Task goal: Copy exactly, and copy only, the lines from the one bearing "Your Feet Hurt? Try This" through the final line of the records.

**** Provided entries ****

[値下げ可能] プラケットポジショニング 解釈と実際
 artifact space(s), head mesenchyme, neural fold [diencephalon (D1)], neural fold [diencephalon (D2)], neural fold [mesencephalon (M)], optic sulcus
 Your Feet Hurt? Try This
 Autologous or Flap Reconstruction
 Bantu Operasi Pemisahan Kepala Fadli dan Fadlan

****

Written solution:
 Your Feet Hurt? Try This
 Autologous or Flap Reconstruction
 Bantu Operasi Pemisahan Kepala Fadli dan Fadlan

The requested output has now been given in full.